While busy with query performance tuning and trying to see whether the query would run better using a CTE’s (Common Table Expression) or Temp tables and comparing times, I realised I forgot to think about adding indexes on my temp tables which could increase the performance.
I then came across Brent Ozar’s post on Indexing Temp Tables and found it extremely useful and thought I would share it here.
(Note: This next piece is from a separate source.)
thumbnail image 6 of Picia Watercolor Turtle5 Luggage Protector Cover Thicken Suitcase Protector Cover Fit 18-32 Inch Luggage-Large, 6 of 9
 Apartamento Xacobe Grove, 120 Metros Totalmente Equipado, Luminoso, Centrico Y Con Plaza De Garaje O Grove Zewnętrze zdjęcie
Most people don’t think about indexing temp tables when they are trying to optimise their queries. Which is a shame, because I see people sticking fairly large amount of data into temp tables. On the rare occurrence that I do see them indexed, it’s a nonclustered index on a column or two. The optimser promptly ignores this index while you select 10 columns and join 10,000 rows to another temp table with another ignored nonclustered index on it.
Now, not every temp table needs a clustered index. I don’t even have a rule of thumb here, because it depends on so many things, like
- Are you joining it to other tables?
- What does the execution plan look like?
- Is this even part of the stored procedure that needs tuning?
Assuming that all three things lead us to index temp tables, let’s create some and see how they react to different indexing strategies.
SELECT TOP 100000 * INTO #TempUsers FROM dbo.Users AS u; SELECT TOP 100000 p.* INTO #TempPosts FROM dbo.Posts AS p JOIN #TempUsers AS tu ON p.OwnerUserId = tu.Id; SELECT TOP 100000 c.* INTO #TempComments FROM dbo.Comments AS c JOIN #TempUsers AS tu ON c.UserId = tu.Id JOIN #TempPosts AS tp ON c.PostId = tp.Id; SELECT * FROM #TempUsers AS tu JOIN #TempPosts AS tp ON tu.Id = tp.OwnerUserId JOIN #TempComments AS tc ON tc.UserId = tu.Id AND tc.PostId = tp.Id;
We have three temp tables with 100k rows in them. I joined them a bit to make sure we get good correlation in the data.
If we get the plan for select statement, this is our query plan. A bunch of table scans and hash joins. SQL is lazy. I don’t blame it one bit.
I’m so parallel…
After frequent user complaints and careful plan analysis, we decide to add some indexes. Let’s start with nonclustered indexes.
/*Nonclustered*/ CREATE NONCLUSTERED INDEX ix_tempusers ON #TempUsers (Id); CREATE NONCLUSTERED INDEX ix_tempposts ON #TempPosts (Id, OwnerUserId); CREATE NONCLUSTERED INDEX ix_tempposts2 ON #TempPosts (OwnerUserId, Id); CREATE NONCLUSTERED INDEX ix_tempcomments ON #TempComments (UserId, PostId);
I’ve gone ahead and added two indexes to #TempPosts so the optimizer has a choice if joining in another order is more efficient.
How’d we do?
Not so hot…
Not quite there. Two table scans and an index seek followed by a key lookup that SQL estimates will execute 62k times.
Let’s try that again with clustered indexes. We can only give #TempPosts one, so I picked at random. In real life, you might want to do your job!
/*Clustered*/ CREATE CLUSTERED INDEX cx_tempposts ON #TempPosts (Id, OwnerUserId); CREATE CLUSTERED INDEX cx_tempusers ON #TempUsers (Id); CREATE CLUSTERED INDEX cx_tempcomments ON #TempComments (UserId, PostId);
Our indexes get used and everyone is happy. Well, sort of. TempDB isn’t happy, but then it never is. It’s like your liver, or Oscar the Grouch.
Used and abused
When starting to index temp tables, I usually start with a clustered index, and potentially add nonclustered indexes later if performance isn’t where I want it to be.
You can do yourself a lot of favors by only bringing columns into the temp table that you need. If it’s still a lot, there’s a much higher chance SQL will judge a table scan cheaper than using a narrow nonclustered index along with a lookup.
Remember to test this carefully. You want to make sure that adding the indexes doesn’t introduce more overhead than they alleviate, and that they actually make your query better.